The government has constituted a Company Law Committee for examining and making recommendations to the government on various provisions and issues pertaining to implementation of the Companies Act, 2013 and the Limited Liability Partnership Act, 2008.
The aim is to improve the ease of business and promote ease of living to law abiding corporates, fostering improved corporate compliance for stakeholders at large and also address emerging issues having impact on the working of corporates in the country.
The committee with secretary, MCA as its chairman, will have T K Viswanathan (ex-secretary general of Lok Sabha); Uday Kotak (MD of Kotak Mahindra Bank); Shardul S Shroff (executive chairman of Shardul Amarchand Mangaldas & Co); Amarjit Chopra (senior partner, GSA Associates, New Delhi); Rajib Sekhar Sahoo (principal partner of chartered accountant firm SRB and Associates) Ajay Bahl (founder and managing partner of advocates and solicitors AZB and partners); G Ramaswamy (partner of Coimbatore-based chartered accountant firm G Ramaswamy & Co); and Sidharth Birla (chairman, Xpro India Limited); Preeti Malhotra (group president of corporate affairs and governance of Smart Group) as membes.

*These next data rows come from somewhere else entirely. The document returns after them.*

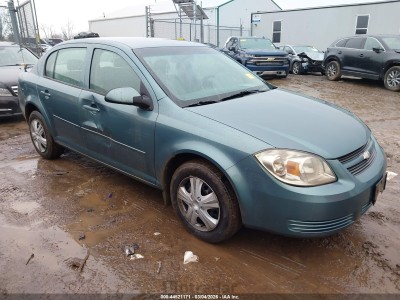 Chevrolet Cobalt 2010 VIN 1G1AD5F52A7154364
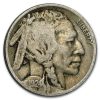1924-D Buffalo Nickel Fine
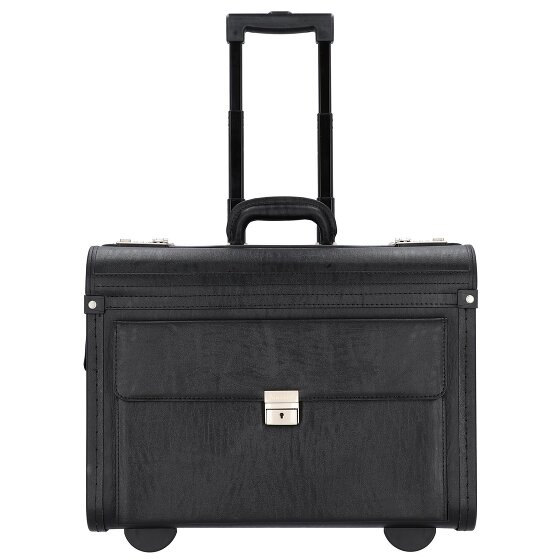 Alassio 2 Roll Pilot Trolley 48 cm Laptop compartment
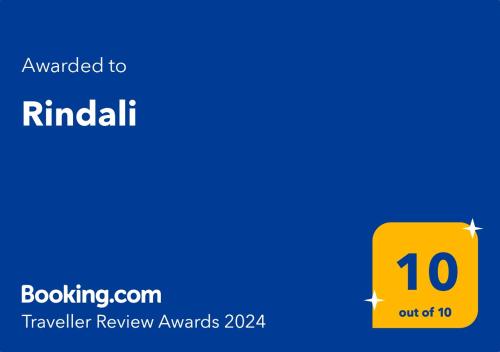 Sertifikat, penghargaan, tanda, atau dokumen yang dipajang di Rindali Maldives Maaenboodhoo - The speedboat from Male to the hotel departs from Male at 1130 every Monday, Thursday, and Saturday, and departs from the hotel to Male at 0630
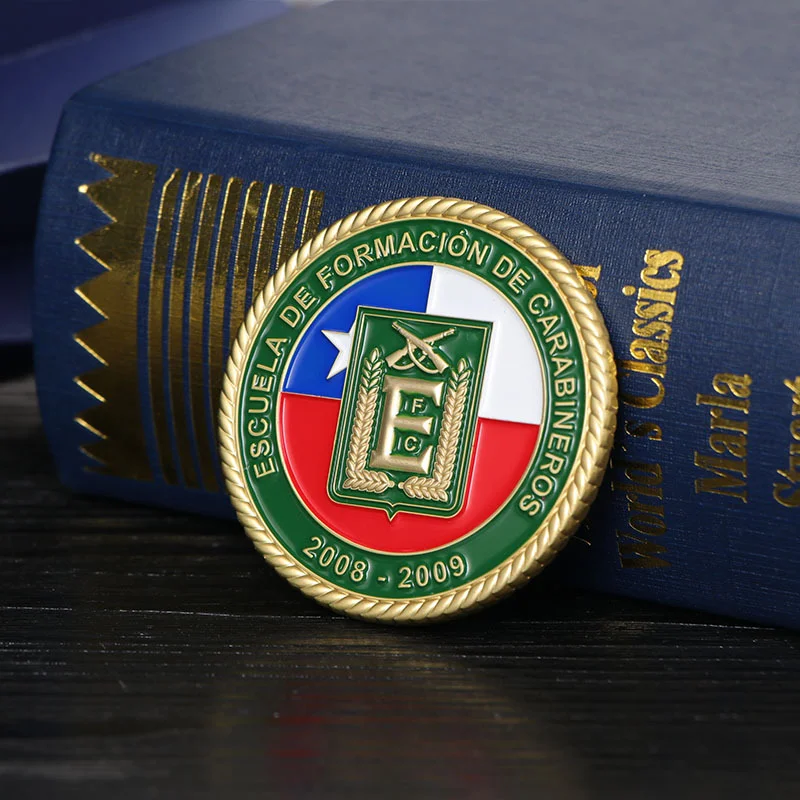 Custom Challenge Coin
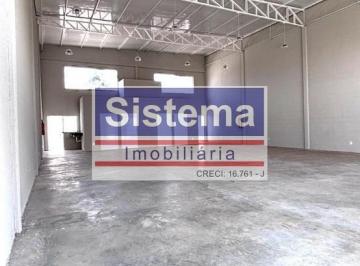 Foto 01 · Aluga-se salão Jardim Yolanda 240m² NOVO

Joint secretary (policy) in the corporate affairs ministry will be the member secretary.
The committee has been tasked with the job of analysing the nature of the offences (compoundable and non-compoundable) and submit its recommendation as to whether any of the offences could be re-categorised as ‘civil wrongs’ along with measures to optimise the compliance requirements under the Companies Act, 2013 and concomitant measures to provide further Ease of Doing Business.
It will examine the feasibility of introducing settlement mechanism, deferred prosecution agreement, etc, within the fold of the Companies Act, 2013.

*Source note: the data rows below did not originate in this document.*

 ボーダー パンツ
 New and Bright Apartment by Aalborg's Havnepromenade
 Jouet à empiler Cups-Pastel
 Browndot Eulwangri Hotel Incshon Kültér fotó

Besides, the committee has been asked to study the existing framework under the Limited Liability Partnership Act, 2008 and suggest measures to plug the gaps, if any, while at the same time enhancing the Ease of Doing Business as also propose measures to further de-clog and improve the functioning of the NCLT.
The committee has been asked to suggest measures for removing any bottlenecks in the overall functioning of the statutory bodies like SFIO, IEPFA, NFRA, etc under the Act.
Further, it has been asked to identify specific provisions under the Companies Act, 2013 and the Limited Liability Partnership Act, 2008 which are required to be amended to bring about greater Ease of Living for the corporate stakeholders, including but not restricted to, review of forms under the two Acts and any other relevant recommendation as it may deem necessary.
The committee has been asked to submit its recommendations in phases and subject-wise to the government from time to time as may be decided by the chairperson of the committee.
The committee shall initially have a tenure of one year from the date of its first meeting.